Estos dos personajes principales están cercados de una galería deliciosa de elementos secundarios, y la historia está encadenada de forma primorosa. El equipo de siete escritores que concibieron este guión perfecto incluye, además de Lasseter, a Joel Cohen y quienes serían los futuros directores o codirectores de otras obras maestras de Pixar: Pete Docter hizo Monsters Inc. y Up, Andrew Stanton hizo Buscando a Nemo y Wall-E.
Títeres con cabeza
El guión no es todo: está también la expresividad de los personajes, algo que, referido al terreno de la animación por computadora, algunos comentaristas ingenuos asocian con el rubro “técnico”, como si el mero hecho de tener una máquina más poderosa pudiera hacer que un personaje se moviera con determinada personalidad, asumiera las poses significativas y pusiera las caras adecuadas, con el tono exacto. El tipo de animación que Toy Story popularizó y de la que es uno de los grandes ejemplos es una nueva concepción de escultura o de manipulación de títeres, y exige manipuladores con un toque mágico e intransferible para que la cosa funcione tan bien.
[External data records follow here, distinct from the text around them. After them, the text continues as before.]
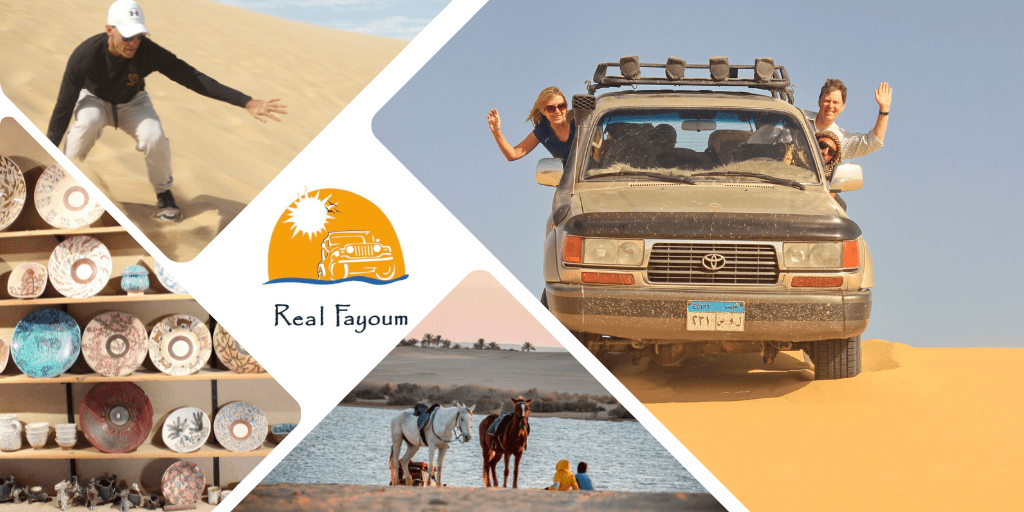 a collective photo of the activities one could do with Real Fayoum
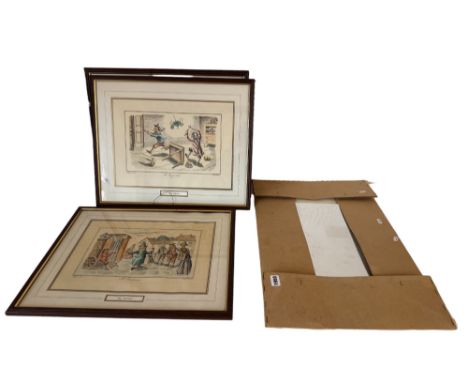 A quantity of prints, to include: After C.C. Henderson - Three hand-coloured reproduction prints of dental practice scenes ti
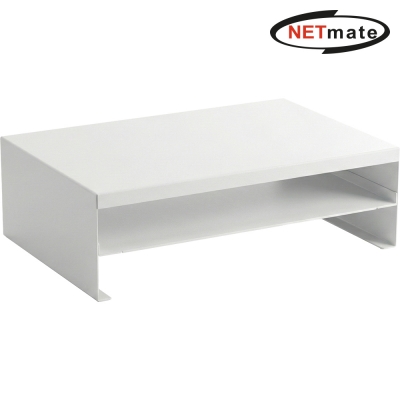 강원전자 넷메이트 다용도 2단 메탈 받침대, 400x260x125mm 화이트 NM-AM400WF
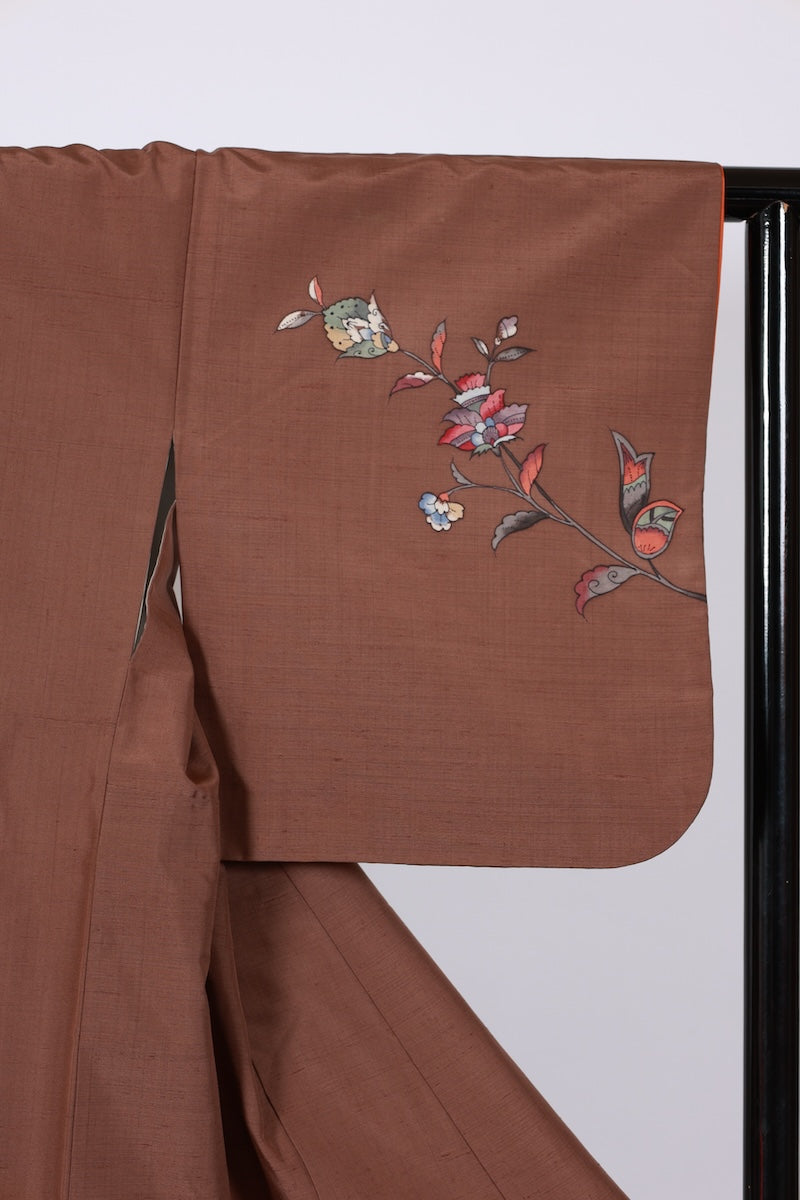 Japanese kimono used <houmongi> M-size silk 100% /B928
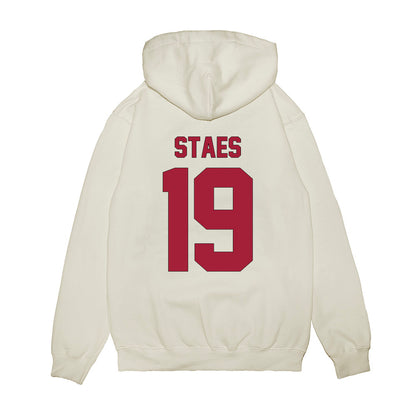 Indiana - NCAA Football : Holden Staes - Vintage Helmet Premium Hooded Sweatshirt-1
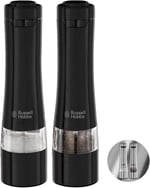 Russell Hobbs 28010-56 Tuz ve Karabiber Öğütücü Seti, Elektirikli, Seramik Öğütücü, İnce ve İri Ayarlanabilir Öğütme Seviyesi, LED Aydınlatma, Pille Çalıştırma, Baharat Öğütücü, Siyah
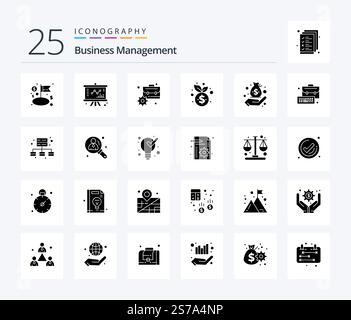 Business Management 25 Solid Glyph icon pack including finance. finance. briefcase. growth. business Stock Vector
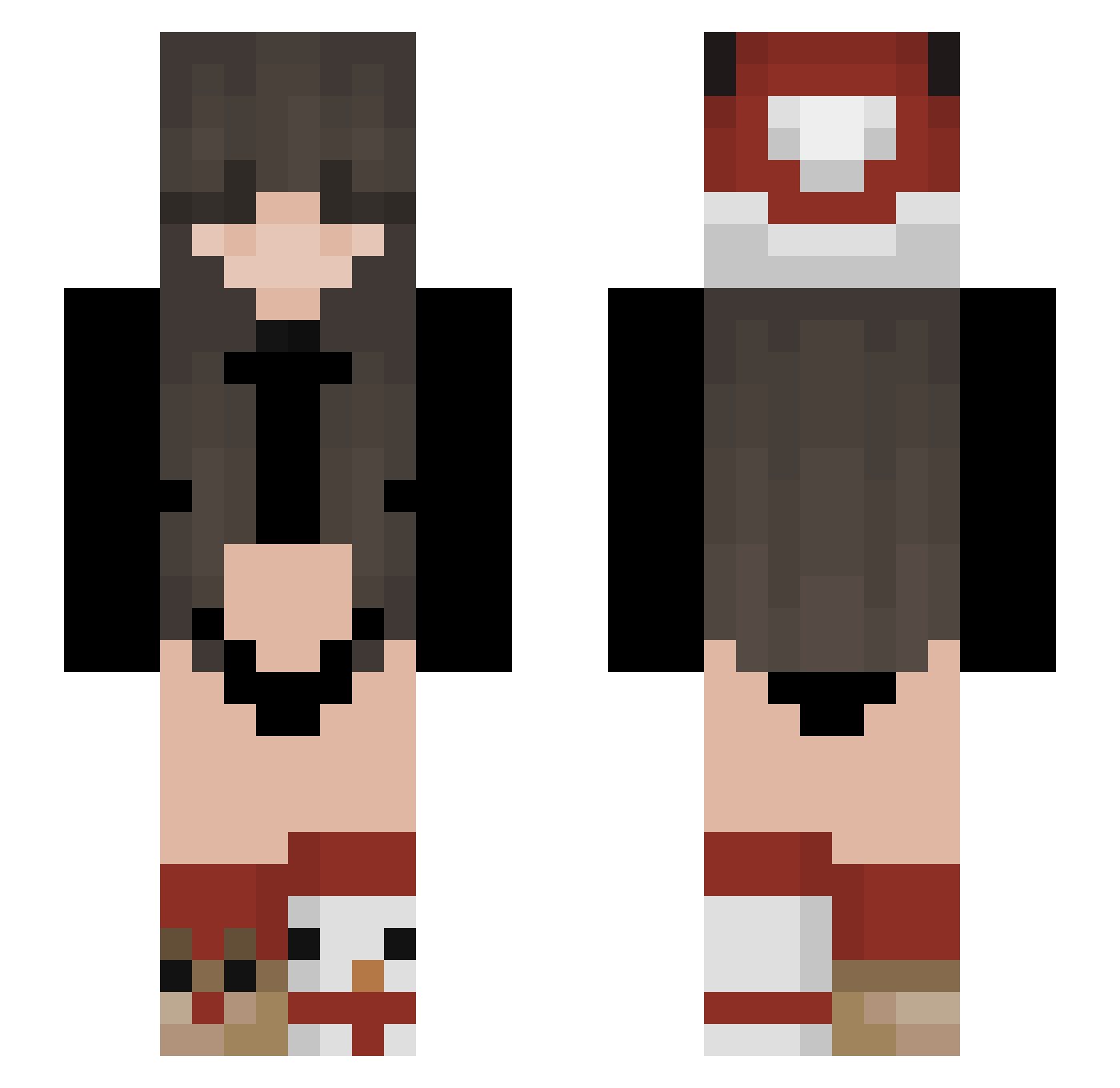 444oxygen Minecraft skin, front and back view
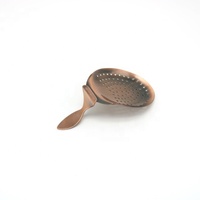 Filtre de Bar en Bronze Antique, outil de barbier pour cocktails Cocktail en acier inoxydable, lance-pierre, Martini, poignée conique courbée, Julep passoire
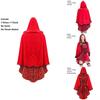 Elegant Gothic Red Riding Hood Cape Costume With Lace Up Details For Women And Girls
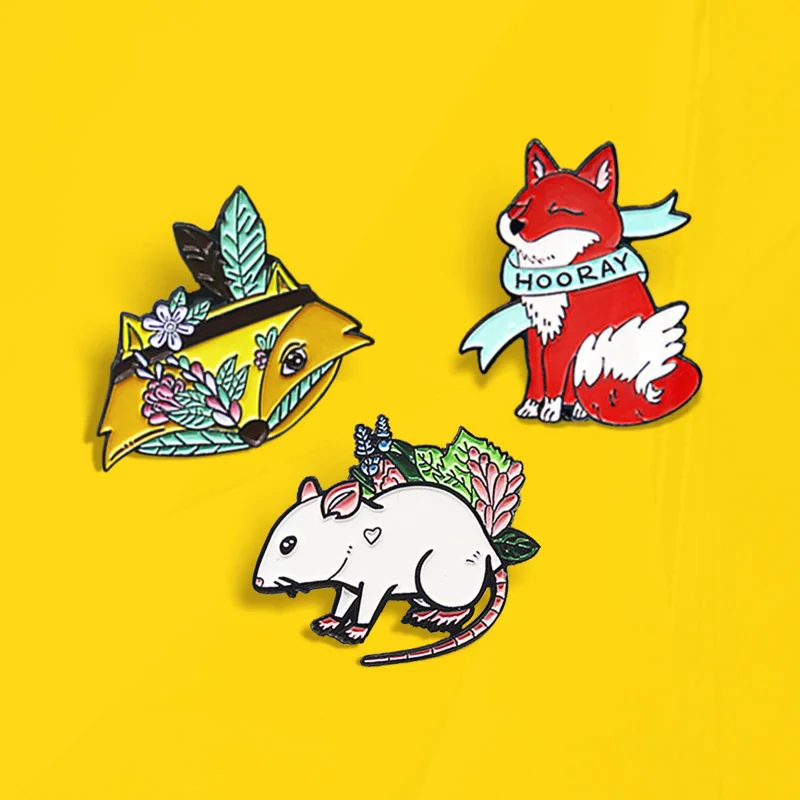 Banner HOORAY Plant flowers Pines Bag Clothes Lapel Badges Funny Jewelry Cartoon Animal Enamel  Brooch Custom White Rat Red Fox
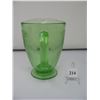 Image 3 : GREEN DEPRESSION GLASS PITCHER - FLORINTINE PATTERN - No Cracks or Chips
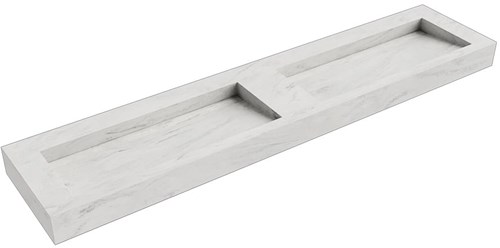 AVON Opalo vrijhangende wastafel 210cm. Positie wasbak Dubbel rand 12cm. 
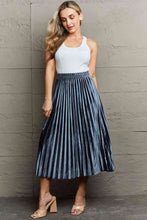 Load image into Gallery viewer, Ninexis Accordion Pleated Flowy Midi Skirt Ti Amo I love you
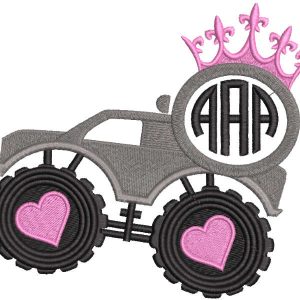Princess track embroidery design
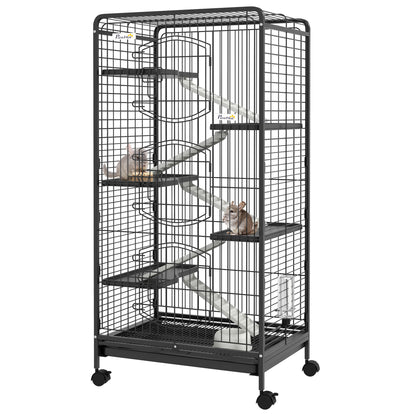 Kleine Dierenkooi – Knaagdierkooi – Rodent Cage – Kleine Huisdieren Kooi – Dierenverblijf – Met 5 Ramps en Platforms – Afneembare Bodemtray en Waterfles – Stalen Frame en PP Zwart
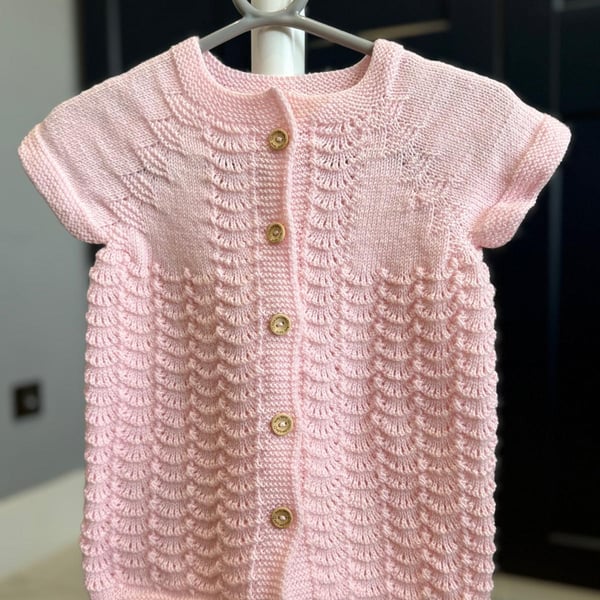 Hand-Knitted Baby Sleeveless Vest Feather Fan Lace – Light Pink (18-24m)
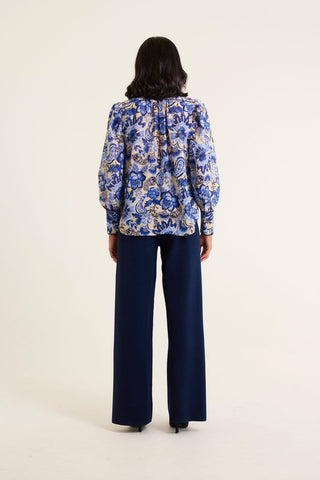 Rosemary Cotton Silk Shirt In Navy Astoria Print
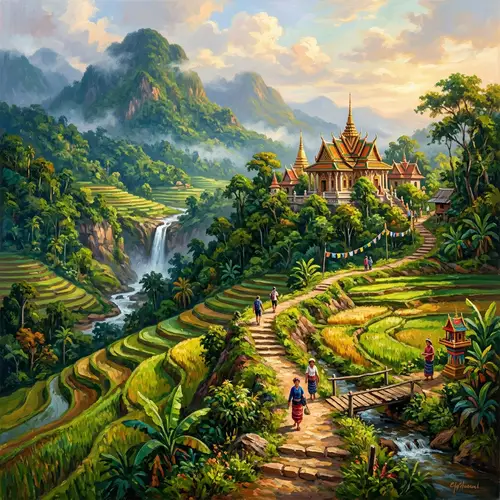 Vibrant Natural Trail Painting in Southeast Asia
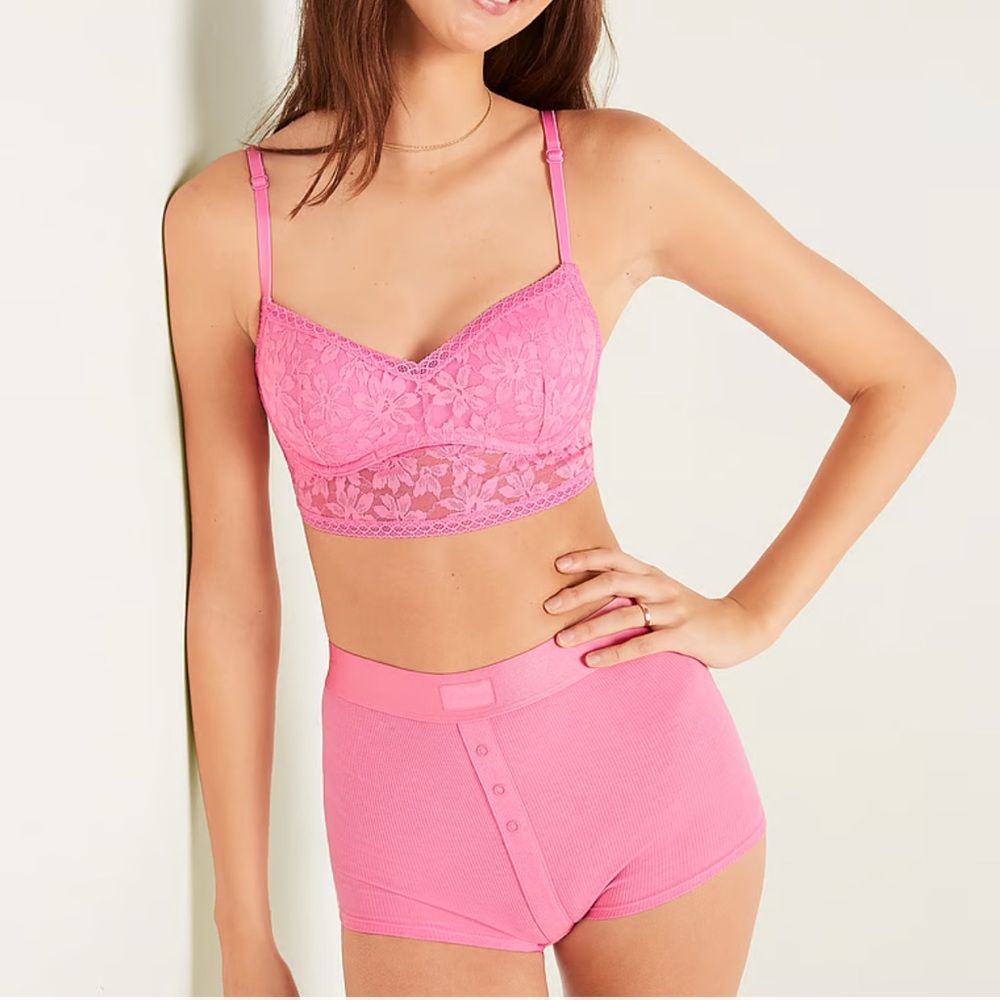 VICTORIA SECRETS NWT PINK LACE PUSH-UP BRALETTE MED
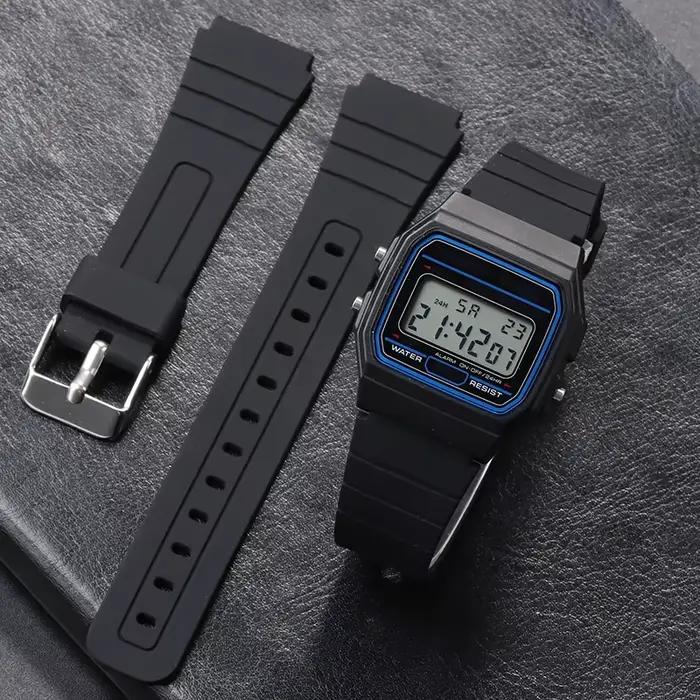 Bracelet de montre en Silicone 18mm pour Casio W800H, souple, en caoutchouc noir, pour SGW400 F91W F84 F105/108/A158/168 AE1200/1300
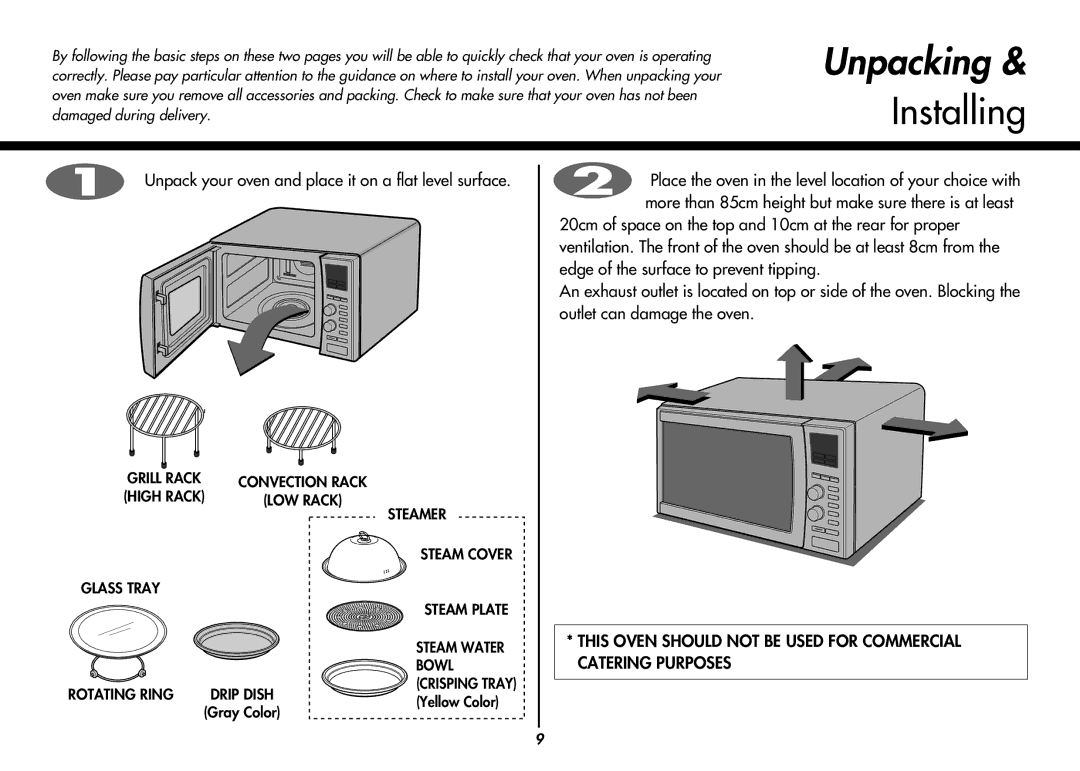 LG Electronics MC9280XC owner manual Unpacking, Installing 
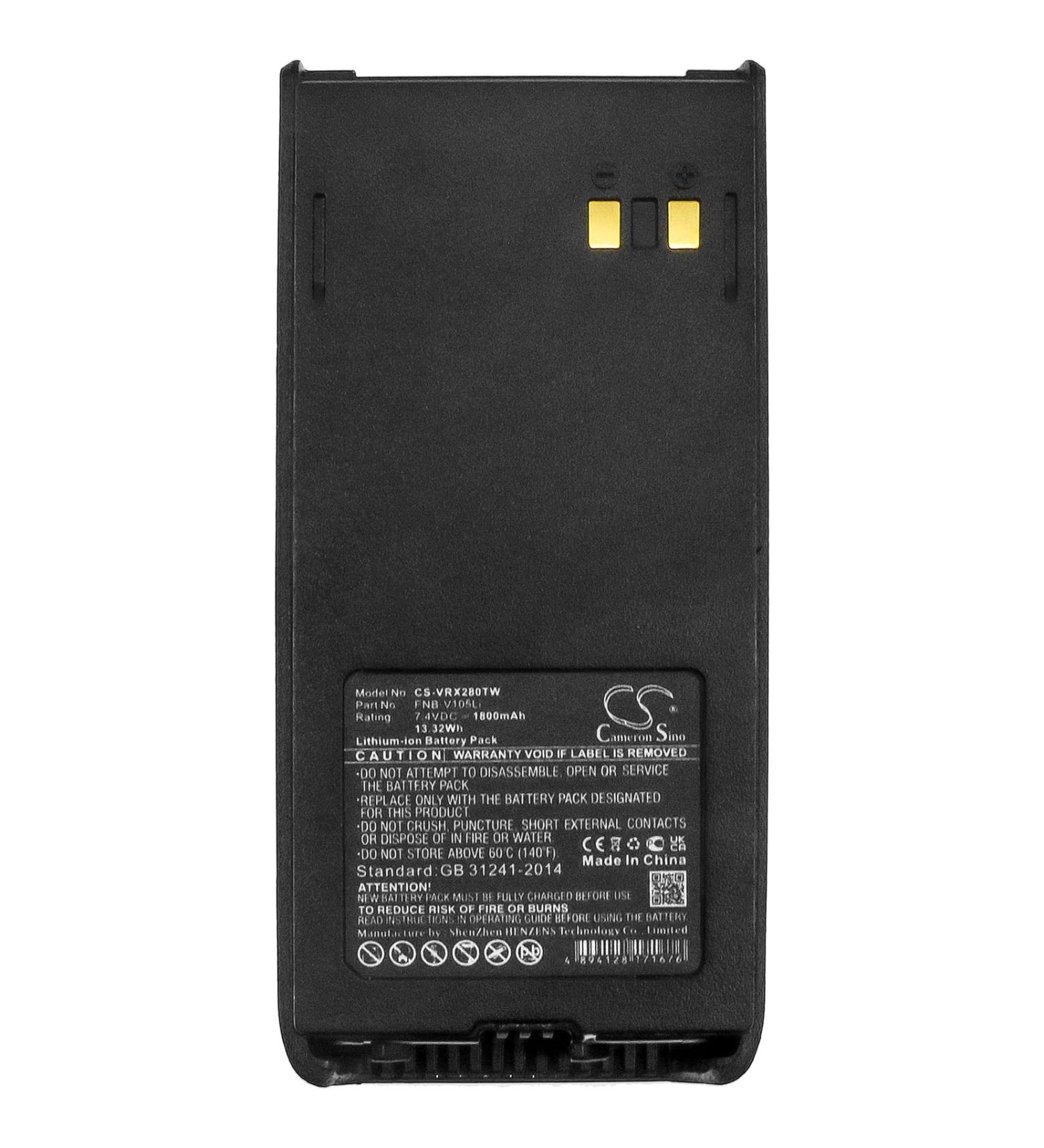 Buy High-Capacity Battery for Standard Horizon HX280S HX280 HX280E HX380 Fits P/N: FNB-V105Li (1800mAh/13.32Wh) | International Shipping Available - Buy Online on GoSupps.com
A todo ello se suma una preciosista realización clásico-moderna (moderna porque usa la abundancia de movimientos, ángulos llamativos, lentes -virtuales, en el caso- extremos, montaje veloz, muchos primeros planos, recursos todos esos característicos de la nueva Hollywood; clásica porque los usa sin transgredir las premisas de claridad espacial y cronológica). La cosa funciona maravillosamente en el terreno de la comedia, de la aventura, del comentario irónico sobre facetas sociales (sobre todo en lo que tiene que ver con Sid y su hermana), con algún pasaje por el terror (los muñecos híbridos de Sid recuerdan la isla del Dr. Moreau), de la fantasía y de la alegoría, para niños de cualquier edad, varones o nenas, y adultos con idéntico disfrute.
El 3D no cumple aquí ninguna función especialmente llamativa, aunque es un bienvenido incremento en el realismo visual, contribuyendo sobre todo en la persecución final por las calles. Sólo es una lástima que las únicas copias disponibles en Uruguay estén dobladas, con lo que nos perdemos de apreciar las actuaciones magníficas de un reparto vocal original encabezado por Tom Hanks, y sobre todo las canciones de Randy Newman, totalmente destrozadas por los dobladores “latinos”.